J’ai grandi à l’ombre d’un bouleau jaune au fond d’une cour de duplex dans une ville moyenne, au sein d’une famille assez dérangée pour qu’elle ne m’apprenne pas à vivre normalement en société. J’ai vite préféré la compagnie des arbres à celle des humains, et dès que j’ai su lire, je me suis enfoncée dans les livres comme dans une forêt dense. Je n’ai pas marqué mon chemin avec des petits cailloux parce que je n’avais pas peur de me perdre et parce que, sans doute, je n’avais pas l’intention de revenir à la maison. La vraie vie se passait dans les livres; ce qui arrivait en dehors d’eux ne me concernait pas. Dès que j’ai su écrire, j’ai voulu me fondre dans la forêt. Si la vraie vie n’existait que dans les livres, je ne pouvais avoir d’existence réelle qu’en devenant moi-même ces livres.

Les arbres ne sont pas éternels

Ma vie en forêt a commencé par des nouvelles publiées dans des revues sérieuses. Voilà que j’existais officiellement, même si c’était avec d’autres dans un buisson touffu. J’ai alors mis tout ce que j’avais dans l’écriture d’un premier roman, qui n’a pas trouvé preneur, c’est-à-dire que quatre maisons d’édition sur quatre ont dit non merci. Grosse crise de foi. L’inspiration d’un deuxième roman a surgi comme un éclair au milieu d’une exposition de Borduas, devant ses dernières compositions en noir et blanc. Je me suis assise, secouée, et je suis restée là un bon moment, comme aimantée. À cet instant précis, la foi est revenue. Elle m’a transportée pendant l’année qu’a exigé l’écriture de ce deuxième roman qui s’intitulait Fondu au noir. Un éditeur en a voulu et je ne me suis jamais sentie aussi vivante qu’en lisant sa lettre enthousiaste. Mon existence allait se confirmer.

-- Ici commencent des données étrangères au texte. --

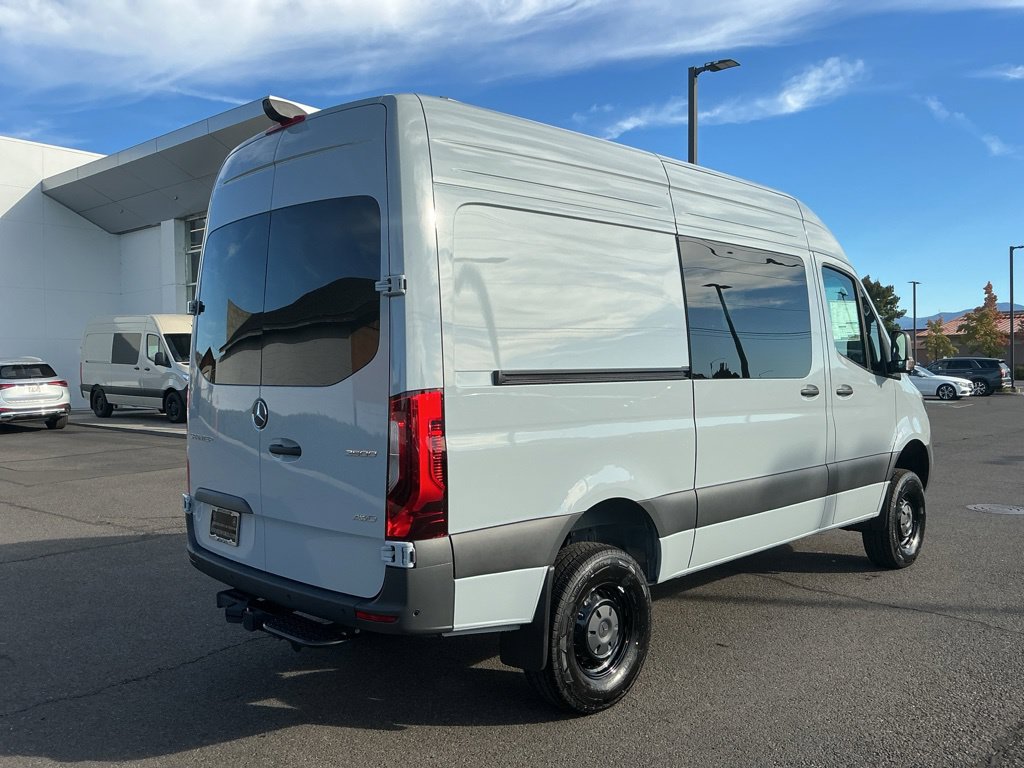 New 2026 Mercedes-Benz Sprinter 2500 image 4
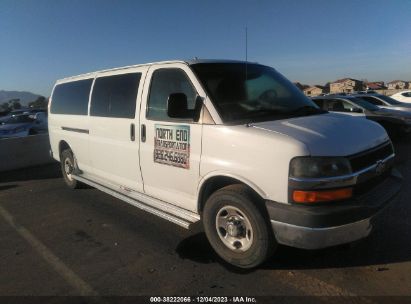 2012 chevy express hot sale 3500 for sale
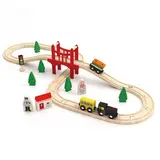 Конструктор Xiaomi Mi Toy Train Set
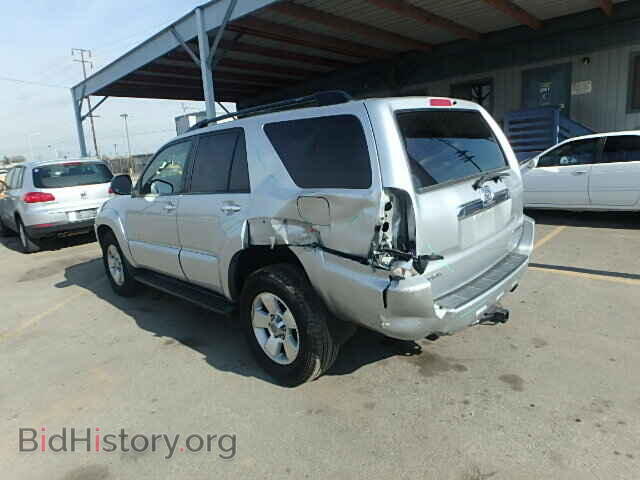 2008 TOYOTA 4RUNNER - VIN: JTEBU14R38K014787 - Фото 3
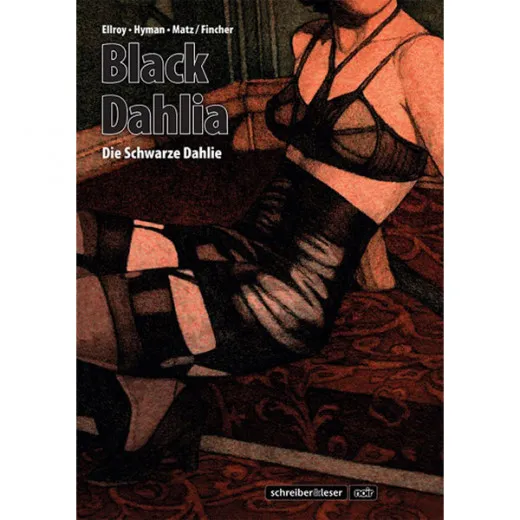 Black Dahlia - Die Schwarze Dahlie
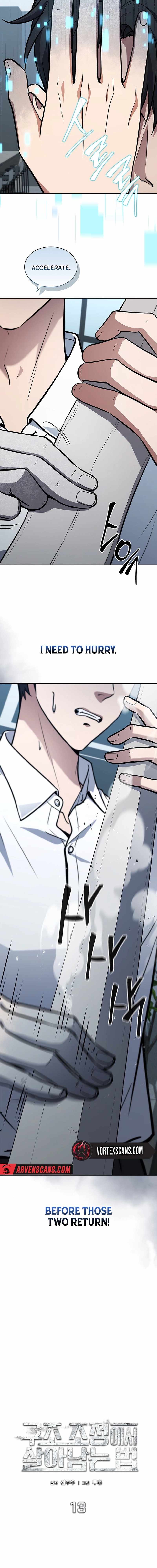 Read How to Survive Restructuring Manga Online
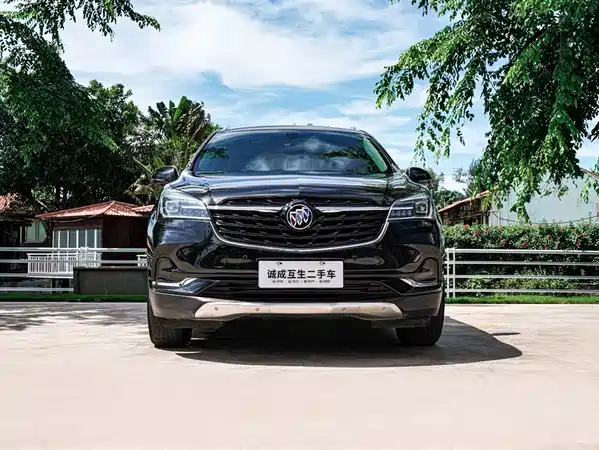 Buick Envision Plus 2021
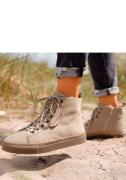 Elbsand Sneaker high  taupe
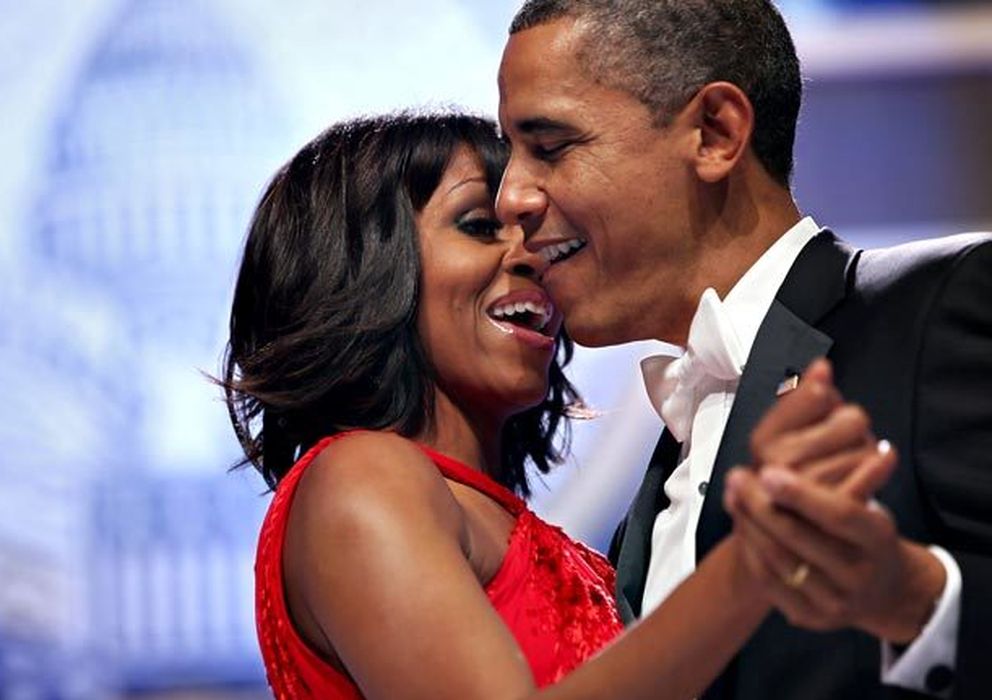 Foto: Michelle y Barack Obama, en una imagen de archivo (Gtres)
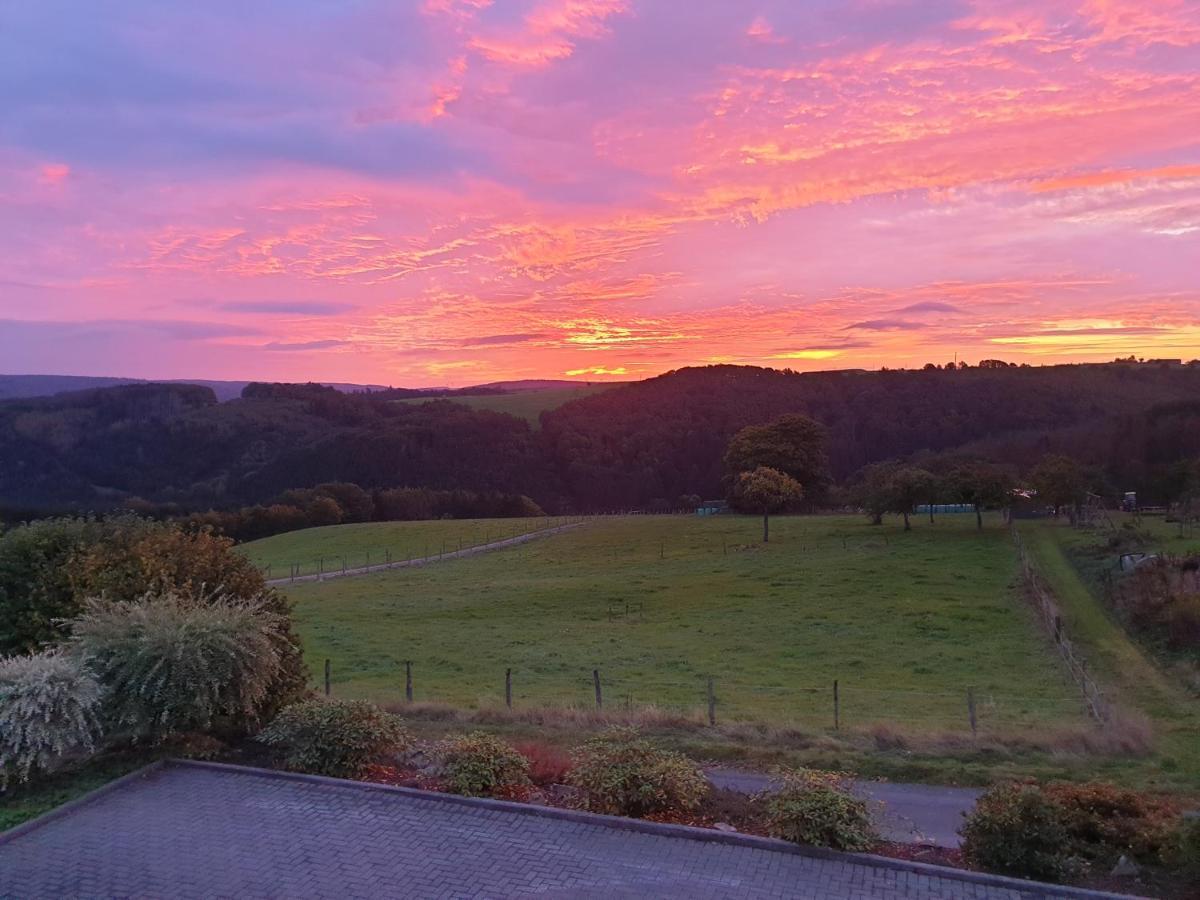 Fewo-Eifel-Morsbach Schleiden Exteriör bild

Puis j’ai découvert le processus qui mène du manuscrit au livre. J’ai voulu tout abandonner quand les premières épreuves sont arrivées. Quelqu’un avait défiguré mon texte de manière si honteuse que ça ressemblait à du sabotage. Mais un ami érudit et dévoué m’a sauvée en rétablissant le texte original, justificatifs à l’appui. J’ai toutefois accepté de changer le titre pour Les Âmes sœurs. Je le regrette encore, 30 ans plus tard. Vint ensuite une marche en forêt que je n’avais pas prévue. Le marketing d’un livre demande des habiletés sociales que je n’ai pas.

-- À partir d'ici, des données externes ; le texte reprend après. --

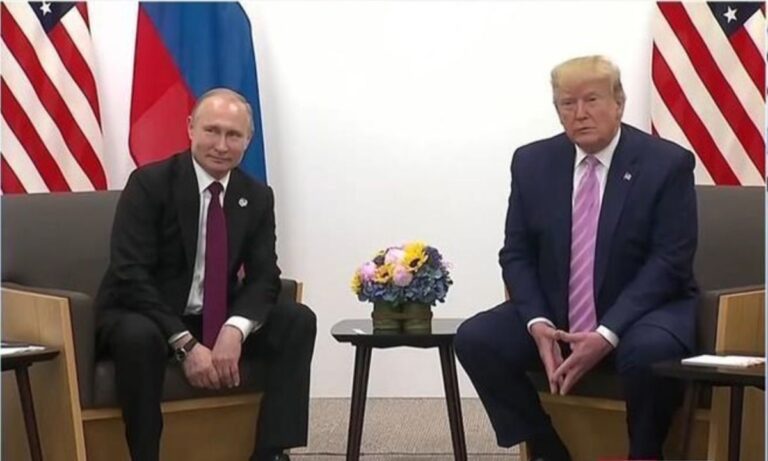 Γεωστρατηγική: Το νέο Μεγάλο Παιχνίδι: ΗΠΑ – Κίνα – Ρωσία σε γεωστρατηγική σύγκρουση για την κυριαρχία της Ευρασίας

Quatre fois, j’ai refait le sentier qui mène de ma table de travail à l’étagère d’une librairie ou d’une bibliothèque. Puis un jour, j’ai reçu un avis comme quoi mes livres allaient passer au pilon. Si je voulais, je pouvais les acheter à une fraction du prix de vente. Va chier, c’est moi qu’on pilonne. Mon éditeur a vendu sa maison d’édition, je l’ai appris par les journaux. Deuxième coup de pilon. Et j’ai reçu mon dernier rapport de vente dans une enveloppe avec deux pièces de monnaie, un 25¢ et un 10¢, soit le total de mes droits d’auteur correspondant à ces ventes. Troisième coup de pilon, il ne restait plus rien de moi.

Écrire pour ne pas mourir

Les années ont passé, j’ai essayé de vivre sans écrire comme si le fait de ne plus être publiée m’enlevait le droit d’écrire. Évidemment, c’est faux. Mais il m’a fallu toutes ces années pour le comprendre. Pour comprendre que mon existence ne tient pas au dos d’un livre avec mon nom dessus, mais dans le geste même d’écrire. Tenir ce blogue est une façon de rester en vie.

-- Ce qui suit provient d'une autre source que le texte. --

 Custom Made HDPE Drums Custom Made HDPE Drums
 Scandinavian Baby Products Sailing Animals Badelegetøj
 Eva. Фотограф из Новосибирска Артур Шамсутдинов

2 réflexions sur “Je n’ai plus besoin d’être un livre

  1. Marie à la plume sublime. Je suis convaincue qu’il y a un éditeur qui sait lire quelque part. Et qui vibre au chant des oiseaux, au vent dans les branches et qui répondrait à l’écho de tes mots. Tu n’es juste pas tombée dessus. Moi, si j’étais éditrice, je serais ce grand chêne qui surplombe la forêt, qui voit aussi bien la cime que les racines de ses valeureux congénères.